▸ **YOUR TASK**
Return the data below in full and exactly, except that the pictures are dropped.

▸ **SUPPLIED DATA**
# # # #

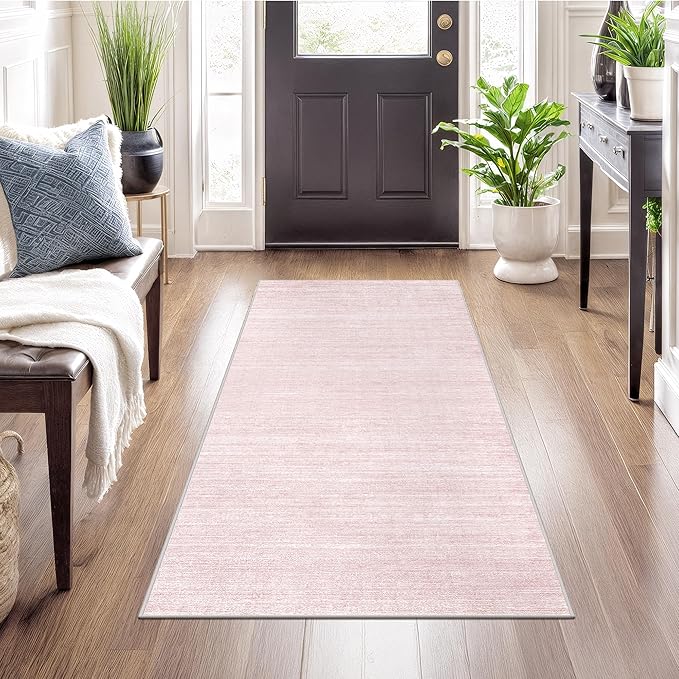 Art&Tuft Non-Slip Runner Rug - 2x5 Runner Rug Washable Low-Pile Rugs Runners, Soft Distressed Carpet Runner for Bedroom Bathroom Kitchen Laundry Living Room, Lightpink
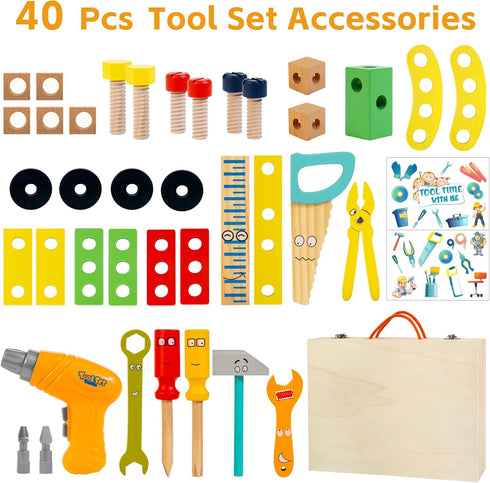 Set Set 3-5 KIDWILL Kids Tool with Electric Drill & DIY Stickers, Toddler Tool for Kids Ages Year Old Boys Girls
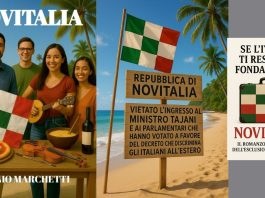 Portada del libro Novitalia de Ennio Marchetti con fondo tropical y símbolos italianos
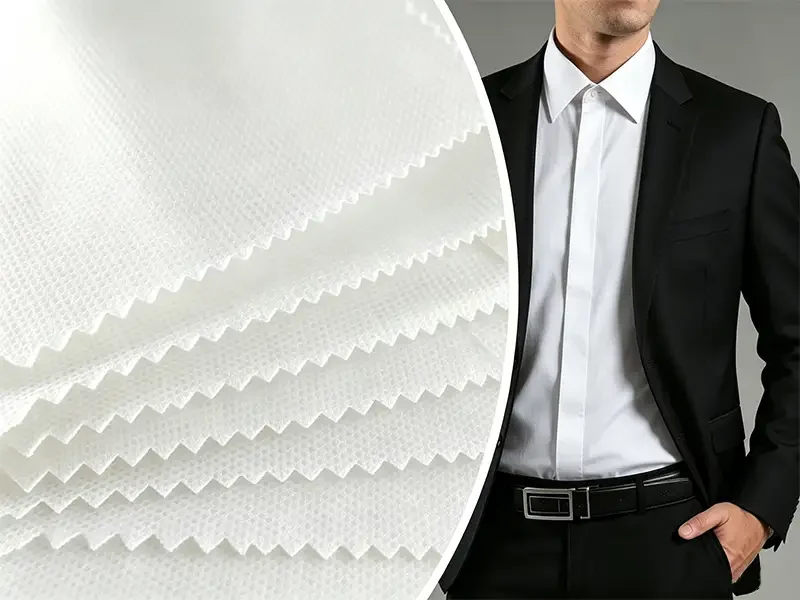 White dot embossed spunbond nonwoven fabric garment interlining for suit formal clothing Takewind manufacturer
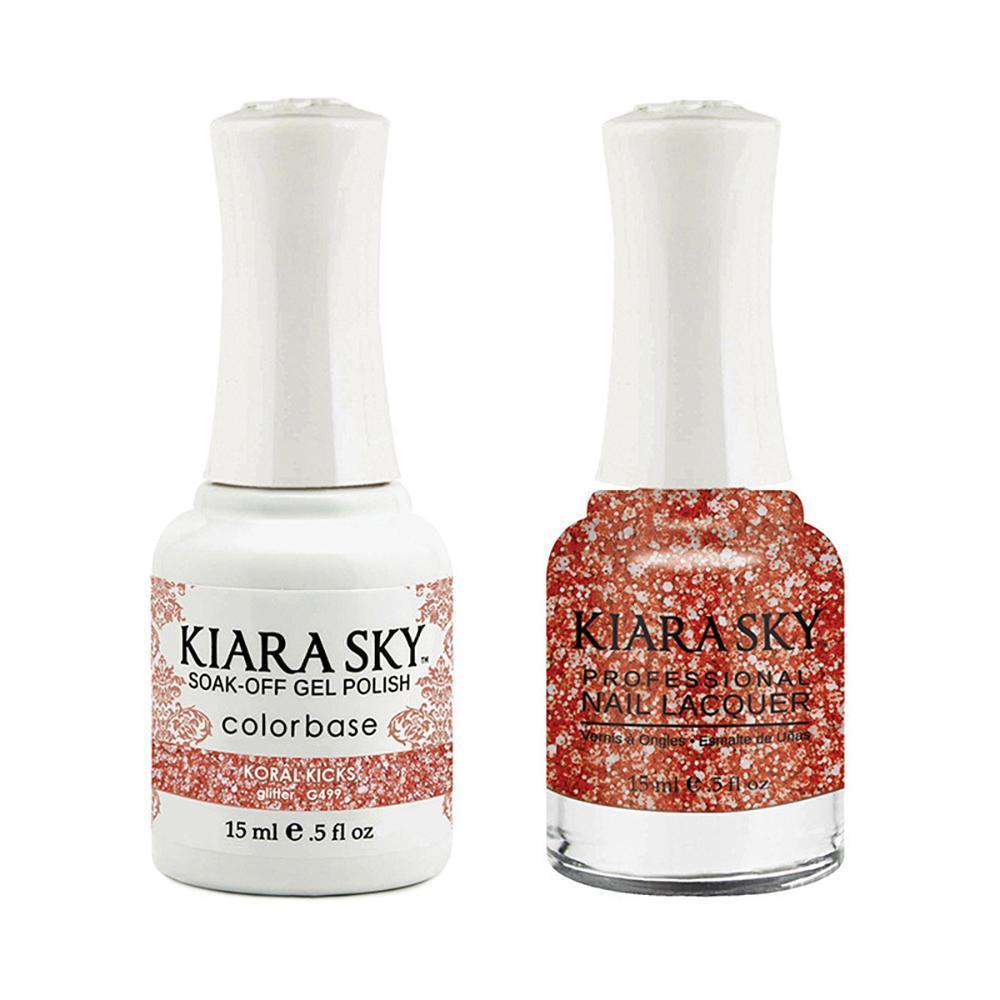 Kiara Sky Gel Nail Polish Duo - 499 Orange Glitter - Koral – Lavis Dip Systems Inc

# # # #

▸ **SOLUTION BELOW**
 Art&Tuft Non-Slip Runner Rug - 2x5 Runner Rug Washable Low-Pile Rugs Runners, Soft Distressed Carpet Runner for Bedroom Bathroom Kitchen Laundry Living Room, Lightpink
 Set Set 3-5 KIDWILL Kids Tool with Electric Drill & DIY Stickers, Toddler Tool for Kids Ages Year Old Boys Girls
 Portada del libro Novitalia de Ennio Marchetti con fondo tropical y símbolos italianos
 White dot embossed spunbond nonwoven fabric garment interlining for suit formal clothing Takewind manufacturer
 Kiara Sky Gel Nail Polish Duo - 499 Orange Glitter - Koral – Lavis Dip Systems Inc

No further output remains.